Piau e Antenorzão - O tombo do gigante
Antenor Alves e João Moysés, sempre grandes amigos .
Este relato é uma das muitas histórias inesquecíveis que demonstram a simplicidade de épocas passadas. Ele faz parte dos fatos reais, trágicos, engraçados, enfim, acontecimentos, que não registrados, com certeza, dentro de pouco tempo, cairão no esquecimento e jamais passarão a fazer parte da história cotidiana da cidade.
Início da década de sessenta.
Bem no centrinho de Vila Capivari existia o tradicional Bar São Luiz, localizado ao lado da Farmácia Emílio Ribas, de propriedade do grande amigo José Elias, o conhecido Calil, estabelecimento ainda em plena atividade e sob o comando de seus familiares.
Naquela oportunidade, esse bar era propriedade do Sr. José de Almeida e da Dona Laura Benvinda dos Reis, sobrinho e tia, ambos de nacionalidade portuguesa, pessoas que muito contribuíram para o comércio de nossa cidade. Era um bar simples que vendia bebidas em geral, salgadinhos e sanduíches, mantendo em seu interior duas mesas de “snooker”, concorridíssimas para a época. Em frente a esse bar existia um ponto de ônibus da Empresa Hotel dos Lagos, concessionária dos serviços de transportes urbanos da cidade. Era o ponto inicial da linha circular que interligava as vilas Capivari/Abernéssia/Vila Albertina/Vila Santa Cruz e Vila Ferraz.

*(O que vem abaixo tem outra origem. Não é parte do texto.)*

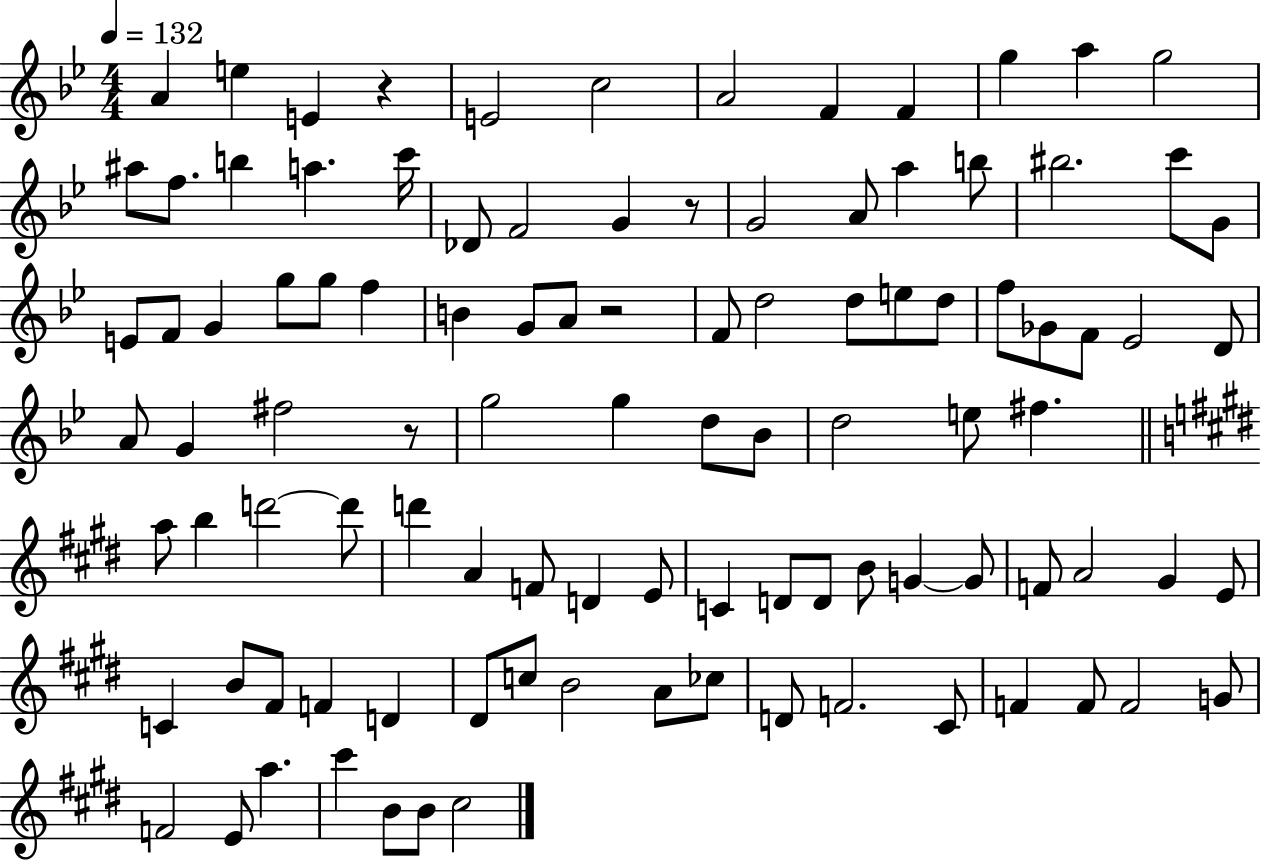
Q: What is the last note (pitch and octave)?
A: C#5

Lá por volta das nove da noite encontravam-se em frente a esse bar o Sr. João Moysés, mais conhecido secretamente por Piranguçu (cidade do Sul de Minas Gerais, situada nas proximidades de Itajubá, onde deve ter nascido) ou Piau (ficava furioso se alguém o chamasse por um desses apelidos) e o Sr. Antenor Alves, conhecido como Antenor do Ó ou Antenorzão. Ambos, pessoas maravilhosas, queridas, dignas, trabalhadoras, alicerce de famílias sólidas, que muito contribuíram e ainda contribuem para o sucesso de nossa cidade. Pais de grandes amigos de infância, juventude e, agora, terceira idade, que muito valorizaram e incentivaram inúmeras atividades esportivas em Campos do Jordão.

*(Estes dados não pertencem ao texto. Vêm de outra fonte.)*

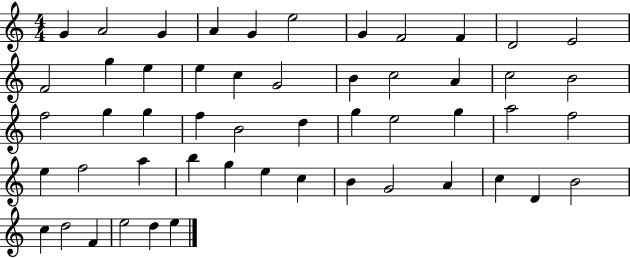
X:1
T:Untitled
M:4/4
L:1/4
K:C
G A2 G A G e2 G F2 F D2 E2 F2 g e e c G2 B c2 A c2 B2 f2 g g f B2 d g e2 g a2 f2 e f2 a b g e c B G2 A c D B2 c d2 F e2 d e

O Piau, de saudosa memória, me perdoe a audácia de identificá-lo dessa forma, porém fica mais fácil para, a seguir, relatar o histórico de nosso título inicial, era um homem de estatura e físico normal. Ele e sua saudosa esposa, a nossa querida Dona Cândida ou Dona Candinha, de nacionalidade lusitana, foram, por várias décadas, os principais responsáveis pela administração e manutenção de uma tradicional e linda propriedade pertencente a Mister William Sebastian Harlet, situada em Vila Capivari, denominada “Ninho de Flora”, hoje pertencente à Associação dos Funcionários Públicos do Estado de São Paulo. Ele mantinha os jardins dessa propriedade de forma impecável, constantemente floridos, com cercas vivas e gramados cuidadosamente podados e aparados, dignos de muitos e merecidos elogios. Era um jardineiro exemplar e habilidoso, conhecedor de sua profissão e arte.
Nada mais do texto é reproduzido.